Franklin Patrick Herbert Jr. (1920–1986)

By David Lewis (Takelma, Chinook, Molalla, Santiam Kalapuya)

Frank Herbert is considered a grandmaster of science fiction writing. His best known work was Dune World (1965), later renamed Dune. The idea for the desert planet of Dune was based on Herbert’s experiences at the Oregon Dunes during the 1950s. His imagining of a world that consisted only of dunes and his environmental message influenced science fiction writers and environmentalists, especially during the 1960s and 1970s.
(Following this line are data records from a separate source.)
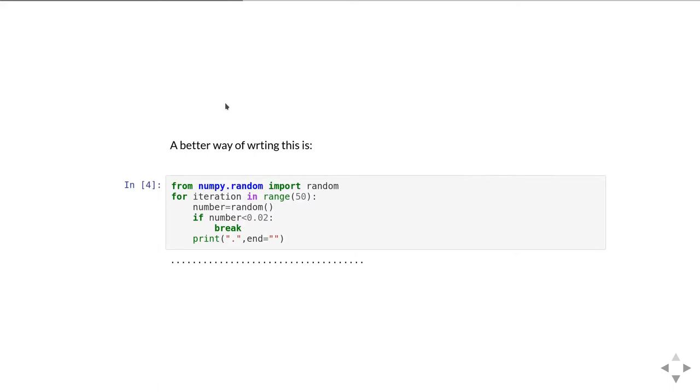If we want to write it like that, this is how it looks. We now have for iteration in range 50, so that for loop is going to run no more than 50 times. We're picking random numbers. If the number is less than 0.02 we hit a break, otherwise we simply do the print. So you can see that looks like a much more simple and straightforward loop.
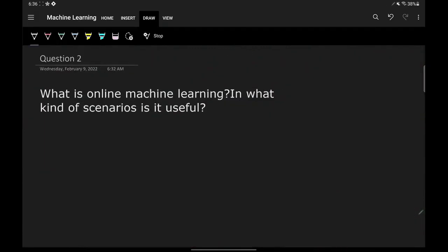Our next interview question is: what is online machine learning and in what kind of scenarios is it useful? Online machine learning is a very famous concept in machine learning. You must have heard certain companies say, while promoting their products, 'the more you use our product, the more intelligent it will get.'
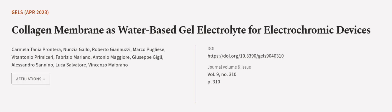This article was authored by Carmela Tanya Prontra, Nunzia Gallo, Roberto Tenuzzi, and others. We are article.tv, links in the description below.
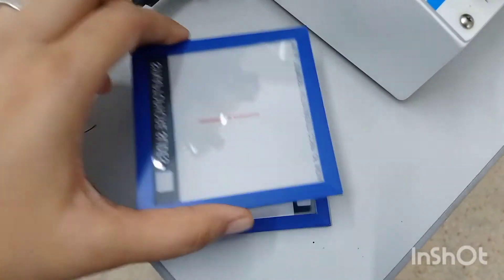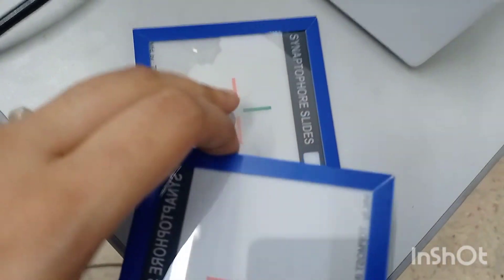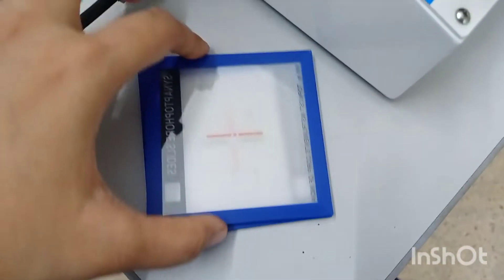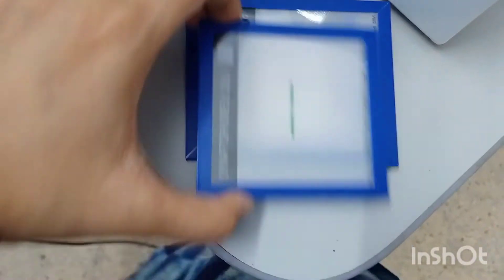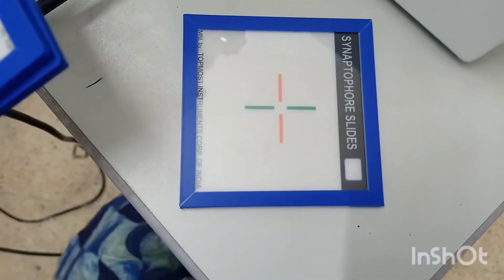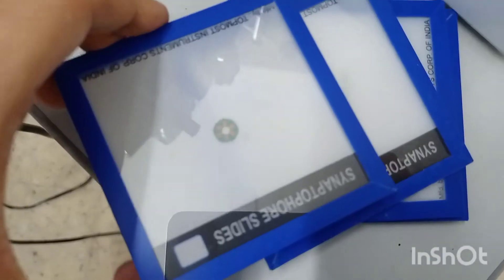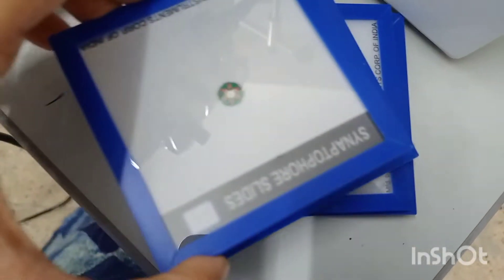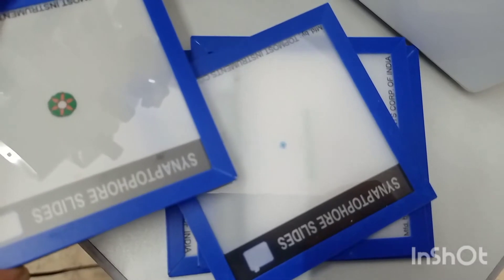Now coming to the after image test. The after image test is used to determine ARC. You can see one red line — one vertical and one horizontal separate line. We show that in front of the patient and the patient has to report. If the patient can see a perfect cross after seeing that image, after removing his eyes onto a white screen or wall, that is the result.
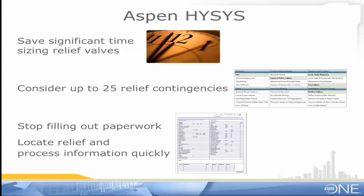Automatically created valve documentation saves me from the hassle of filling out paperwork and compiles relief calculations and process information into one convenient location.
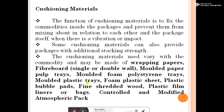The function of cushioning material is to fix the commodity inside the packaging and prevent them from moving in relation to each other and the package itself during vibration or impact. Cushioning materials include paper wrapping, fiberboard (single or double walled), molded paper pulp trays, molded foam, polystyrene trays, molded plastic trays, foam plastic sheets, plastic liners, bags, and controlled or modified atmosphere.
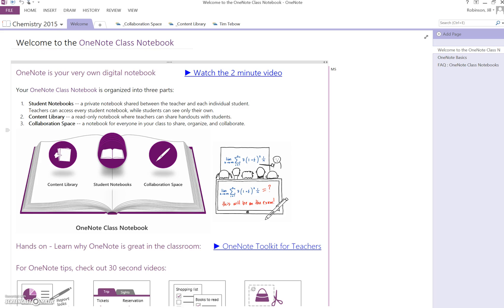After you've created your first notebook and you click on the notebook to open it, it's going to launch into the full desktop version of OneNote.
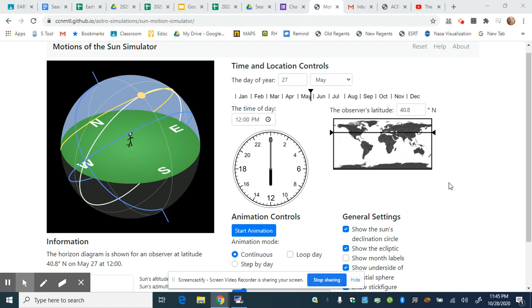Hello, Mr. Salogar here with a quick video to show you how the Motions of the Sun Simulator works.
Franklin Patrick Herbert Jr. was born in Tacoma, Washington, on October 8, 1920. As a teen, he was on the staff of the Lincoln High School newspaper, and the Tacoma Ledger gave him work as a writer. He sold his first Western story under a pseudonym when he was seventeen years old. In 1938, Herbert moved to Salem to live with his aunt and uncle, Peggy and Ken Rowntree, and attended Salem High School (now North Salem High School). While living in Salem, he spent time in the Cascades and what is now the Three Sisters Wilderness Area, where he fished and hiked.
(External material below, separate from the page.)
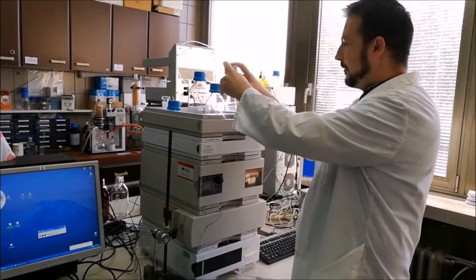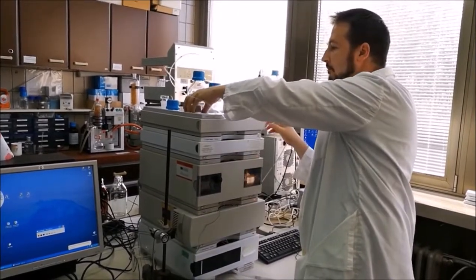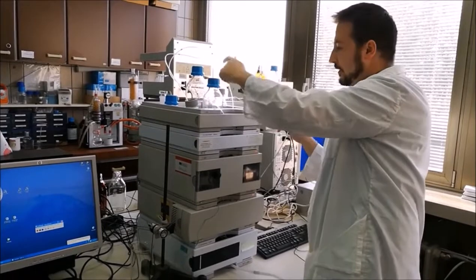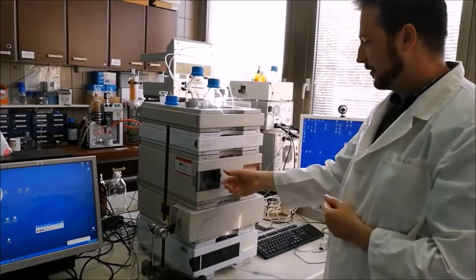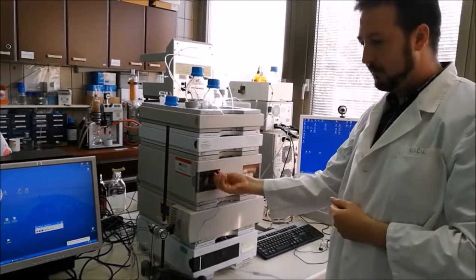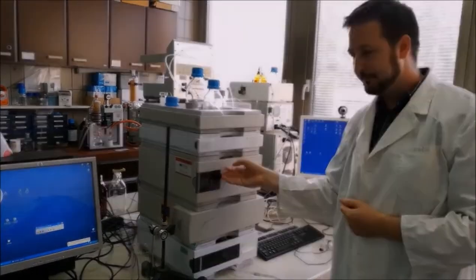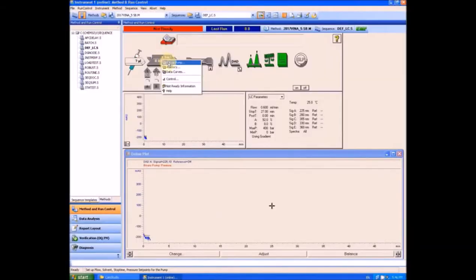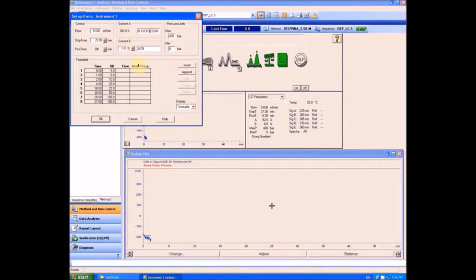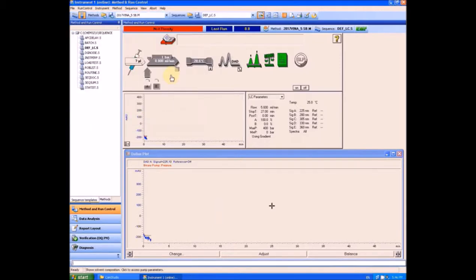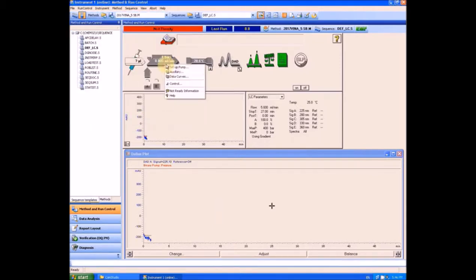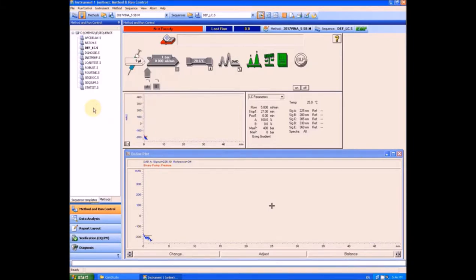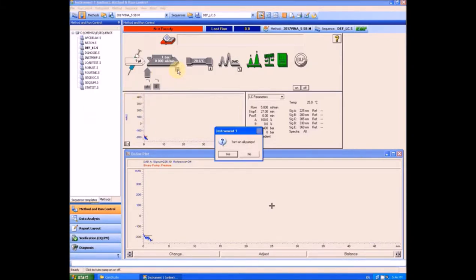We will flush the channel a bit before putting it into the bottle. So we open the purge valve in the pump. In the software, we will set the flow to the maximum, which is 5 mL per minute, 100% of phase A. And we will also set the maximum flow gradient to 100 mL per minute. And now we will start the pump.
After graduating in 1939, he took a job with the Glendale Star in Douglas County and covered the state capitol for the Oregon Statesman in 1940–1941. He also worked as a deputy sheriff in Tacoma and as a fire lookout for the Snoqualmie National Forest in Washington State. He joined the U.S. Navy in 1942, receiving an honorable discharge in 1943 because of a head injury. He married Flora Parkinson in 1940; they had one daughter and divorced in 1945. His second wife was Beverly Stuart, whom he married in 1946; they had two sons.

Herbert worked in journalism for many years, taking positions that ranged from photographer to writer to copy editor at the Oregon Journal (1943–1954), the Seattle Post-Intelligencer (1945–1946), the Tacoma Times (1947), the Santa Rosa Press Democrat (1949–1955), and the San Francisco Examiner (1960–1966). In 1966, he was hired as the Hearst Headline Services correspondent in Vietnam. Through it all, he wrote. He sold a story to Esquire in 1945 and spent ten years writing for the California Journal. In 1952, he sold his first short story, "Looking for Something," to Startling Stories, a science fiction magazine.

Herbert’s work for the Oregon Statesman had brought him into contact with Oregon politicians, and he was hired in 1954 as a speechwriter for U.S. Senator Guy Cordon’s 1954 reelection campaign. Two years later, he was hired to write speeches for Oregon Republicans Phil Hitchcock, a candidate for U.S. Senate, and Phil Roth, a candidate for the U.S. House.

In 1957, Herbert heard that the U.S. Department of Agriculture was successfully planting European beach grass to control the dunes on the Oregon Coast, and Herbert chartered an airplane to Florence to visit the Oregon Dunes. “They Stopped the Moving Sands,” an unfinished short story he wrote based on the Dunes, helped him develop the idea of a desert world, which he imagined as a planet consumed by moving dunes caused by environmental destruction. He would call the planet Arrakis. The desert planet of Tatooine in the Star Wars saga was inspired by Herbert’s work.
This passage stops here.